BEGIN

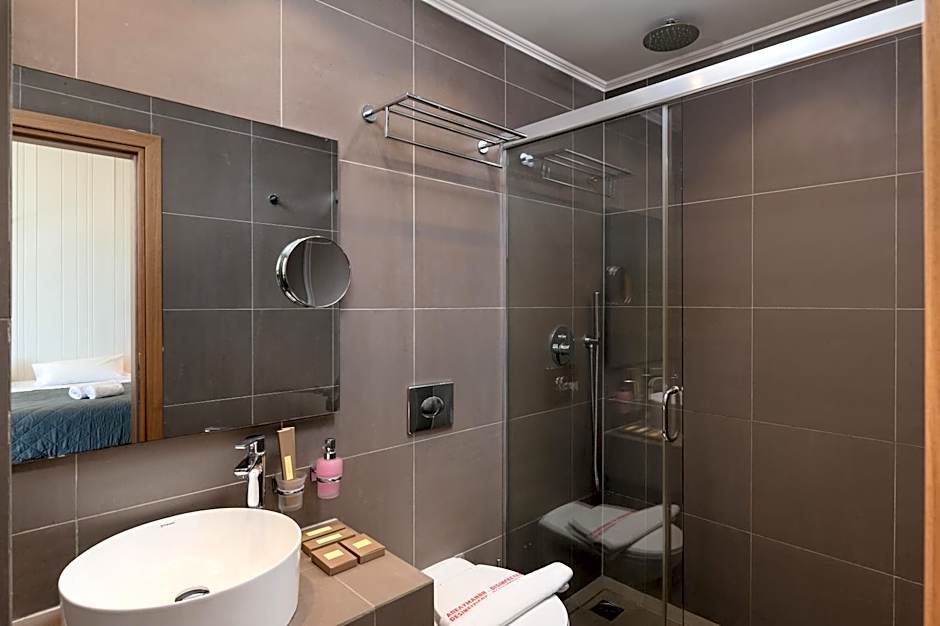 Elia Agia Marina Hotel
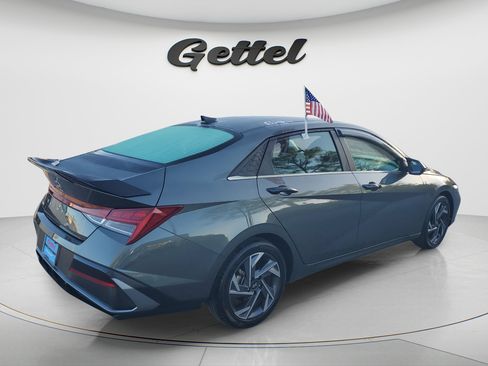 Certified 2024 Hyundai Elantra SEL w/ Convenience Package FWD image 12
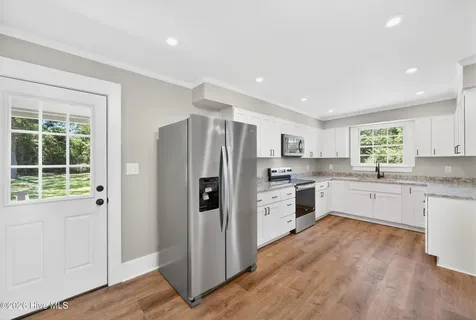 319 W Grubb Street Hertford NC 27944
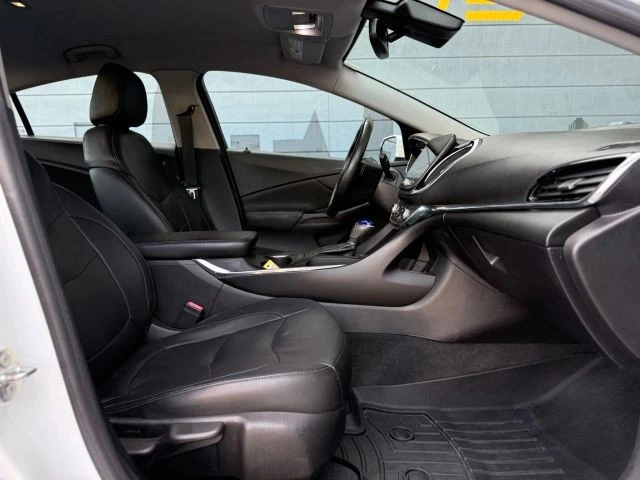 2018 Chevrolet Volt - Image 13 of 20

END
BEGIN

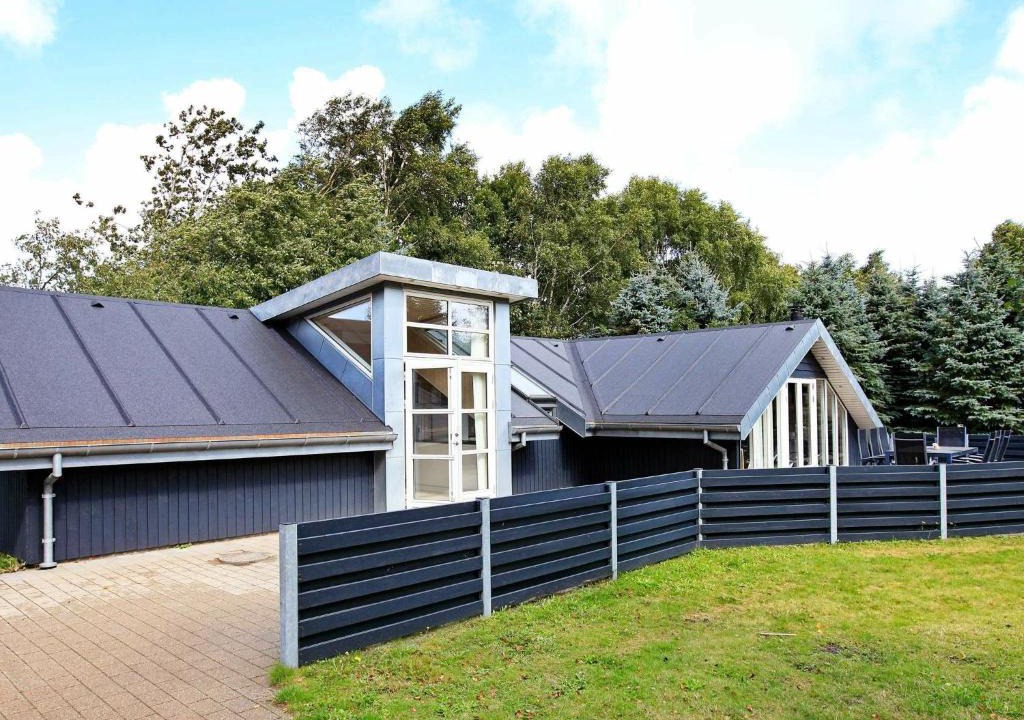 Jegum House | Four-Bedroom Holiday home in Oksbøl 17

END
BEGIN

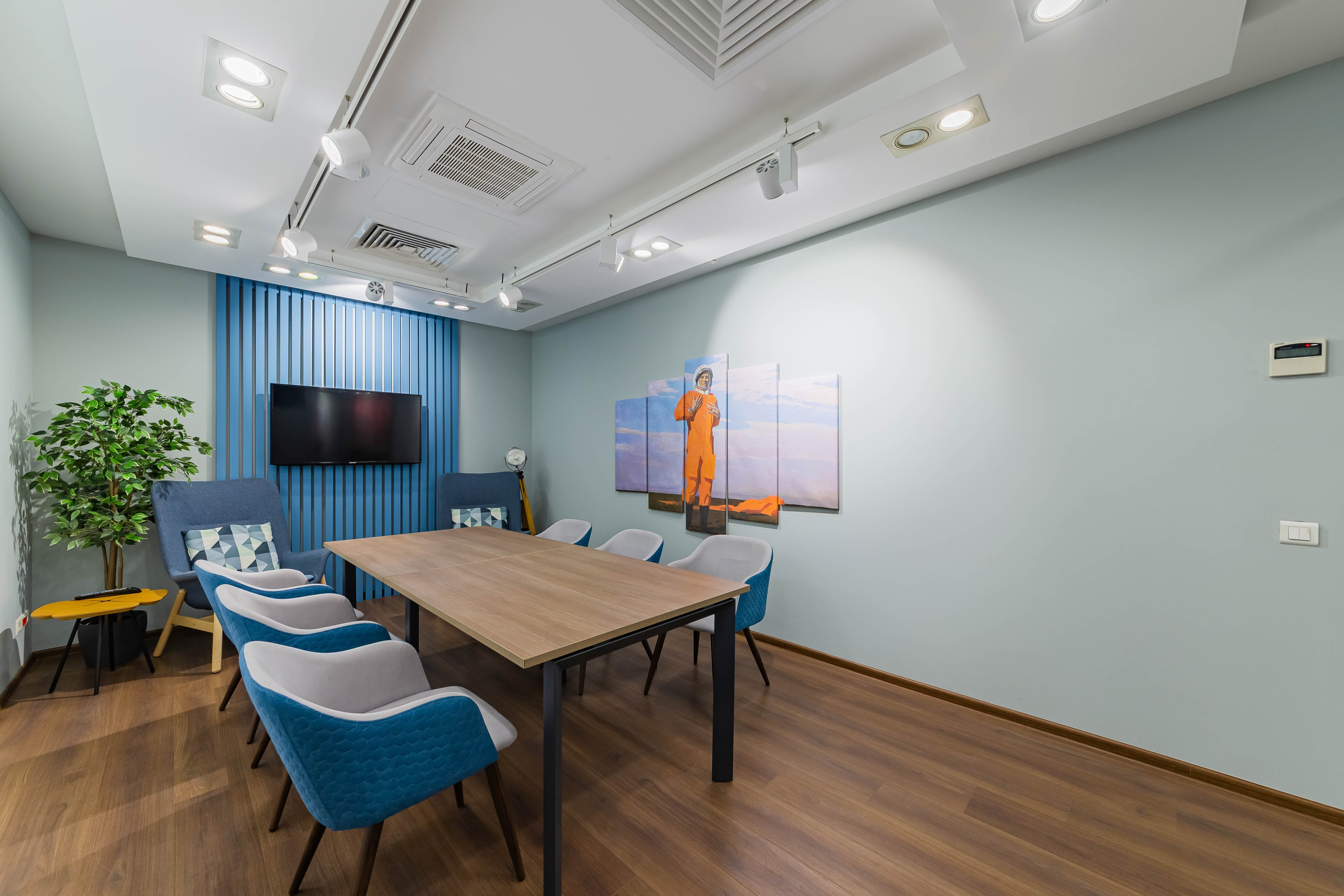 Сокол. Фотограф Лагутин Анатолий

END

The answer must be the lines above from the one containing "Elia Agia Marina Hotel" through the one containing "2018 Chevrolet Volt - Image 13 of 20", reproduced exactly, with no pictures and nothing else.

 Elia Agia Marina Hotel
 Certified 2024 Hyundai Elantra SEL w/ Convenience Package FWD image 12
 319 W Grubb Street Hertford NC 27944
 2018 Chevrolet Volt - Image 13 of 20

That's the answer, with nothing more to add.